**Entries provided:**
--------------------

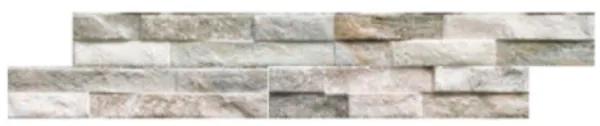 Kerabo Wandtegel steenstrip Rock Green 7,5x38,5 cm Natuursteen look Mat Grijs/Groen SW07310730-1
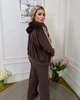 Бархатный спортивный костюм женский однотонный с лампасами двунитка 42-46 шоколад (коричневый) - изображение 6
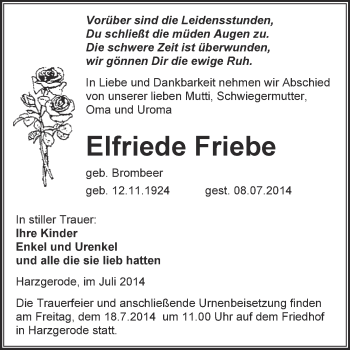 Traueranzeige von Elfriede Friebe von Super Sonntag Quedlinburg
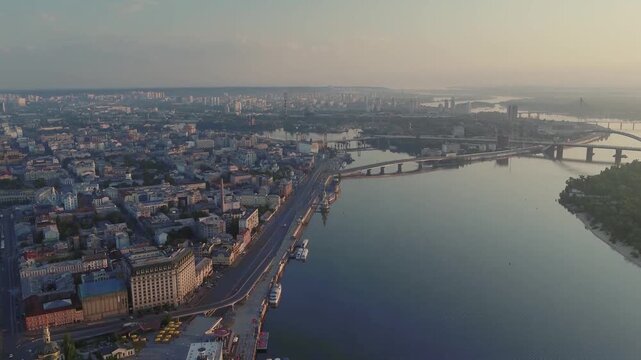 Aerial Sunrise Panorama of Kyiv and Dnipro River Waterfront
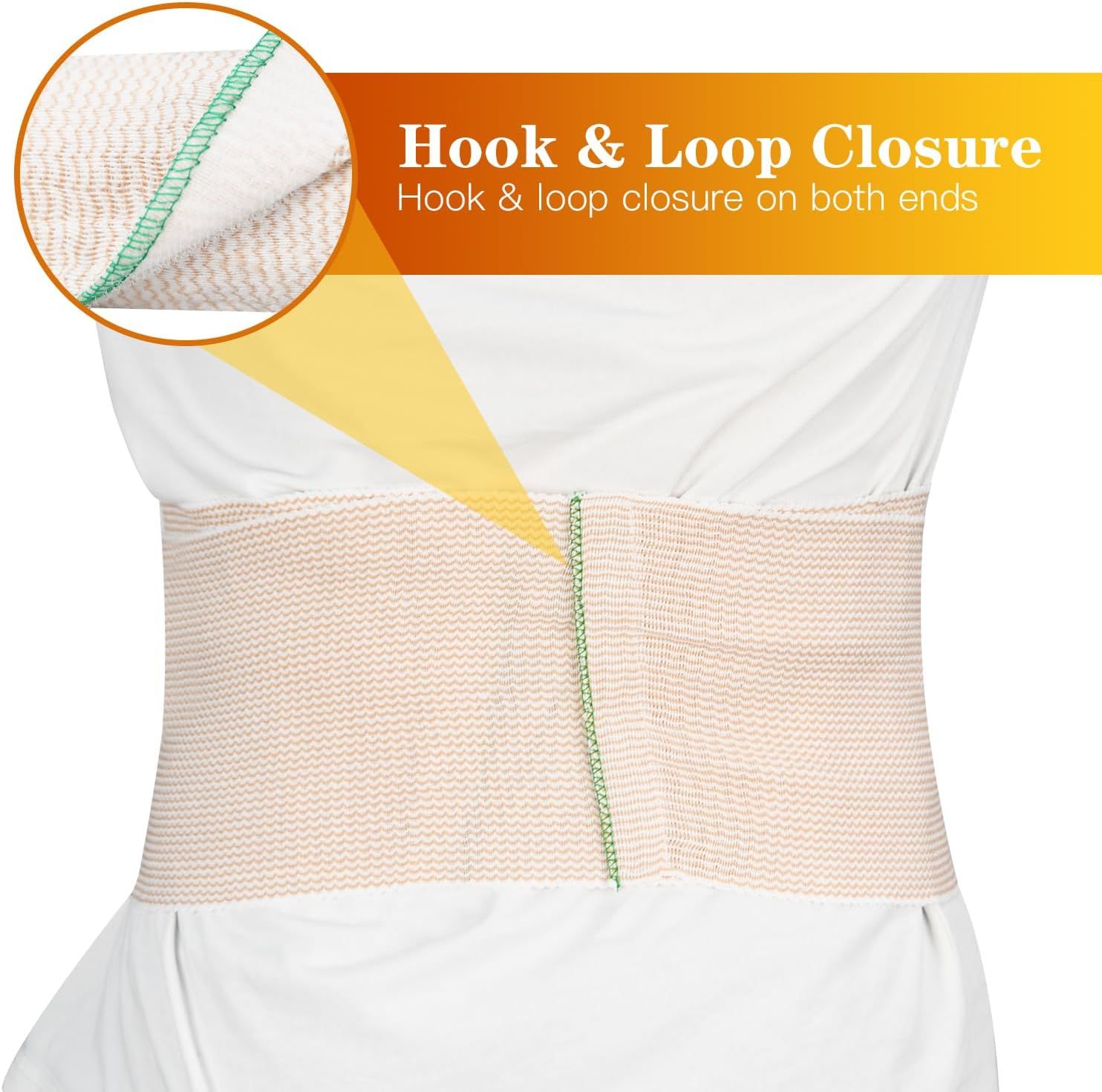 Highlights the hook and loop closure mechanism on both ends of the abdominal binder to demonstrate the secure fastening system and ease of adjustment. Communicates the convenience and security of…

--------------------

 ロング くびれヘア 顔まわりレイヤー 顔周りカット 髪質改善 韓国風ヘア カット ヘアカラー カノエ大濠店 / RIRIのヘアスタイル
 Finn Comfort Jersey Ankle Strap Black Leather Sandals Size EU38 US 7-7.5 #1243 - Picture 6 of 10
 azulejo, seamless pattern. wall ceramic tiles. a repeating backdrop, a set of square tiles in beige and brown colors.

--------------------

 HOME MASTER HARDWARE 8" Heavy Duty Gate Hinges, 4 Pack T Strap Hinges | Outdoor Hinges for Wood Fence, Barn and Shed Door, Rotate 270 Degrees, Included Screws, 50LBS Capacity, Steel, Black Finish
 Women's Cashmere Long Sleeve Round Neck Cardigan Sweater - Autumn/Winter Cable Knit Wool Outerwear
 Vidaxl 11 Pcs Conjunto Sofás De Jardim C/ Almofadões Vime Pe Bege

--------------------

Only a number is wanted. How many lines of the entries above carry "Strap"?

2